Activating mutations of epidermal growth factor receptor (EGFR) are associated with the high sensitivity of non-small cell lung cancer (NSCLC) patients to EGFR tyrosine kinase inhibitors (TKIs) like erlotinib. However, acquired resistance limits the clinical efficacy of EGFR-TKIs, which is the most commonly caused by T790M mutation in EGFR. Second generation EGFR-TKIs such as afatinib are able to inhibit T790M mutation but the clinical efficacy in T790M positive patients is limited due to severe side effects associated with wild type (WT) EGFR inhibition.

ASP8273 is a mutant-selective irreversible EGFR inhibitor currently in clinical trials (ClinicalTrials.gov Identifier: NCT02113813, NCT02192697). We have previously reported that ASP8273 covalently binds to mutant EGFR via C797 and inhibits kinase activity of mutant EGFR, which results in anti-tumor activity in xenograft models. To further explore the selectivity and the activity of ASP8273 on mutant EGFR, we evaluated effects of ASP8273 and other EGFR-TKIs on EGFR signal pathway, cell growth and anti-tumor activity.

Phosphorylation of EGFR, ERK and Akt was determined by Western blot after treatment with EGFR-TKIs at 10, 100 and 1000nM. Apoptosis induction was analyzed by detecting caspase activity after 24h treatment with EGFR-TKIs.
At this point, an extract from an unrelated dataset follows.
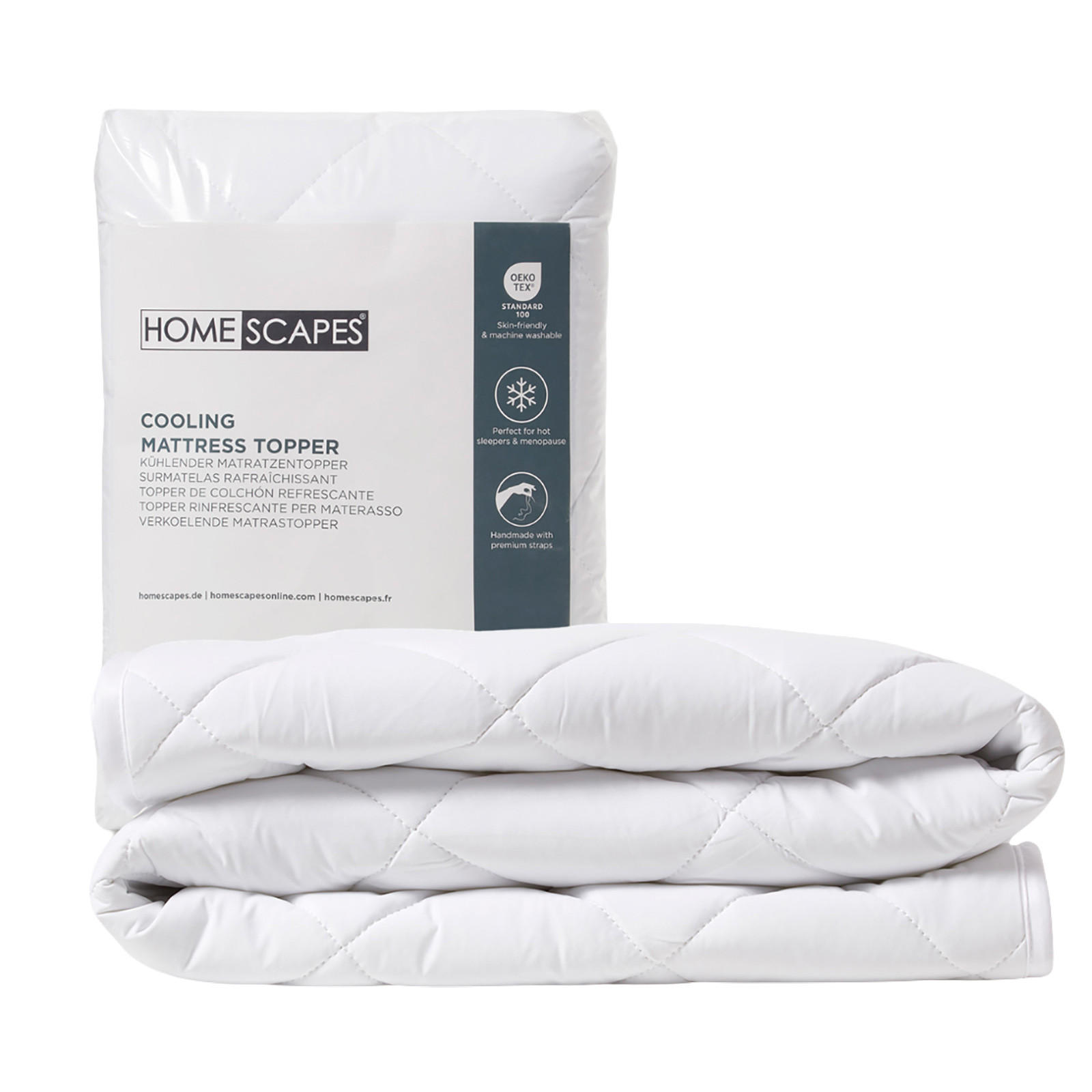 MATRATZENTOPPER kühlend 135/190 cm - Weiß, Textil - Homescapes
Anti-tumor activity of ASP8273 was evaluated in mice xenografted with HCC827 (deletion in exon 19 [del ex19]), NCI-H1975 (T790M/L858R), A431 (WT), and a patient derived LU1868 (T790M/L858R).

ASP8273 selectively inhibited phosphorylation of EGFR and its down-stream signal pathway, ERK and Akt from 10nM in HCC827 and NCI-H1975 while inhibitory effects were only detected at 1000nM in A431.In NCI-H1650 (del ex19), ASP8273 inhibited cell growth with an IC50 value of 70nM while other EGFR-TKIs were only partially effective. ERK and Akt phosphorylation were diminished after ASP8273 treatment at 1000nM, however, other EGFR-TKIs only partially reduced the phosphorylation levels of these proteins. ASP8273 potently enhanced the caspase activity in NCI-H1650 after 24h treatment, which is concordant with signal and cell growth inhibitory effect.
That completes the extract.